→ **Work instructions**
Scan the data below for lines holding the word "Mercedes", and copy each line found.

→ **Information provided**
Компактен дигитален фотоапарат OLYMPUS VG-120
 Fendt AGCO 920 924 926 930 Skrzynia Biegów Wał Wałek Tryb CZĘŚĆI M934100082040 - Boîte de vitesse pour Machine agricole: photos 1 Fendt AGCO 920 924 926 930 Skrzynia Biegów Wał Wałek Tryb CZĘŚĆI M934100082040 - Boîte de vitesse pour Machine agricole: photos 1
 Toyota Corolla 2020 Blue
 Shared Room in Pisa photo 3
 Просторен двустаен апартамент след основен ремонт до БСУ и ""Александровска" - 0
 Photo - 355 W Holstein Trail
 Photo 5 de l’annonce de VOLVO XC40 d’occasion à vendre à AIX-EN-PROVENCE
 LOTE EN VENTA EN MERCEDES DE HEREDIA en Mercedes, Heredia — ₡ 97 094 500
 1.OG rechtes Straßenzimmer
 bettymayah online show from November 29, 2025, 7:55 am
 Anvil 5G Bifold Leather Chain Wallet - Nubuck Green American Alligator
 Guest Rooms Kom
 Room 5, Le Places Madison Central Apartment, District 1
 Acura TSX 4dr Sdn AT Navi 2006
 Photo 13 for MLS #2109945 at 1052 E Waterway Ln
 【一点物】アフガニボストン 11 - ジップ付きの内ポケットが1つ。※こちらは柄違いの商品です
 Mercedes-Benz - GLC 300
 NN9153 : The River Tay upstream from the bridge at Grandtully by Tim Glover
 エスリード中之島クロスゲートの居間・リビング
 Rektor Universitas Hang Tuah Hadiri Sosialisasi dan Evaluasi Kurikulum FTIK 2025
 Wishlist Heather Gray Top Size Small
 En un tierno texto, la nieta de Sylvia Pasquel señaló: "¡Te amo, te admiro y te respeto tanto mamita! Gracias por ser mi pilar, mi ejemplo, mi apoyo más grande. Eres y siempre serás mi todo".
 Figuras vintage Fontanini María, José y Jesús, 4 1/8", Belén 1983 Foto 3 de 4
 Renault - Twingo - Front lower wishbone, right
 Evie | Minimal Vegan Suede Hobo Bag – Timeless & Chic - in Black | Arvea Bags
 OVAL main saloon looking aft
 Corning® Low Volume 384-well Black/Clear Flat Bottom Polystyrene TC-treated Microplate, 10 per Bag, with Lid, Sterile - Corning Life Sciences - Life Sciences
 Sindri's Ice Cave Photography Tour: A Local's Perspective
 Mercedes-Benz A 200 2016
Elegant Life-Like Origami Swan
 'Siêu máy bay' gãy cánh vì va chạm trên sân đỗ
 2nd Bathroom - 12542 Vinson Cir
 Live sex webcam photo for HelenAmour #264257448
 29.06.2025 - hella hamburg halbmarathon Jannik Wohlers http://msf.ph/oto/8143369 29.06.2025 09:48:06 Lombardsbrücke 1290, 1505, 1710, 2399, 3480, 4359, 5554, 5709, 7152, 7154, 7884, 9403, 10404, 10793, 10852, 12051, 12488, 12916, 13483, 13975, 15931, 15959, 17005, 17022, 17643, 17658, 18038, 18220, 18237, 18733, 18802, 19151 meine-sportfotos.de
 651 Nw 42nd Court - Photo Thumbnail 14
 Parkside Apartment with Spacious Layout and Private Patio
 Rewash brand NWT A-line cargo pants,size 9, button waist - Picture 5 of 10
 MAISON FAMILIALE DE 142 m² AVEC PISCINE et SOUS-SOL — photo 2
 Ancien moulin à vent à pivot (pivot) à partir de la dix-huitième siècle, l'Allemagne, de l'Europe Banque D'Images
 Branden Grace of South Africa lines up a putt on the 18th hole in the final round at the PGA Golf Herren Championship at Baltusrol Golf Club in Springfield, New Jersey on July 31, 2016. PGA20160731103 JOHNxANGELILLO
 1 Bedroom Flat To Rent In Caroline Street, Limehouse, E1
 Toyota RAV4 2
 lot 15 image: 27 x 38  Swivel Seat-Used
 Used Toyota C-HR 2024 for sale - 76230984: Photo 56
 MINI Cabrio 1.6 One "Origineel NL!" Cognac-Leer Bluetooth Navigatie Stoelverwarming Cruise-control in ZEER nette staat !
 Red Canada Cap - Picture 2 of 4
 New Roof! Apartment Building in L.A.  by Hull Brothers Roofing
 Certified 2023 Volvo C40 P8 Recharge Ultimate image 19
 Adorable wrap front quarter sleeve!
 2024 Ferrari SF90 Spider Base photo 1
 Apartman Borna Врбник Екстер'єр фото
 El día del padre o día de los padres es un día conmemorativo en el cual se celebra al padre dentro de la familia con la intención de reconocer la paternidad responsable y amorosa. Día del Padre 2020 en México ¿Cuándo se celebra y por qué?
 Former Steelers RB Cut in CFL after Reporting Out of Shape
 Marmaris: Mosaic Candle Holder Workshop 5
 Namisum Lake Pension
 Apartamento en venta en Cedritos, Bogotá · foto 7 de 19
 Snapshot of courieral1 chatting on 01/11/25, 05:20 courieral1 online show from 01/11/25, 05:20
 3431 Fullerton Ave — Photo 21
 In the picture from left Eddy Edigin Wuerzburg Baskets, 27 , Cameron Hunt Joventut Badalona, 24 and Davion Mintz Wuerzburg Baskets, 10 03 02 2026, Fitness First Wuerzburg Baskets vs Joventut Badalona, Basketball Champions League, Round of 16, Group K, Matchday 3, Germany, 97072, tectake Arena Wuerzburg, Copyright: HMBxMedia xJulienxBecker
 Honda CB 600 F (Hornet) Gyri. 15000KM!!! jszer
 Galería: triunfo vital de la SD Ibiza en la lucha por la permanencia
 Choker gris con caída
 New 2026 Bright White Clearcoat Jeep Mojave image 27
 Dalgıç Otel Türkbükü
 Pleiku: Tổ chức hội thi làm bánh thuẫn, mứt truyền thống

→ **Result**
 LOTE EN VENTA EN MERCEDES DE HEREDIA en Mercedes, Heredia — ₡ 97 094 500
 Mercedes-Benz - GLC 300
 Mercedes-Benz A 200 2016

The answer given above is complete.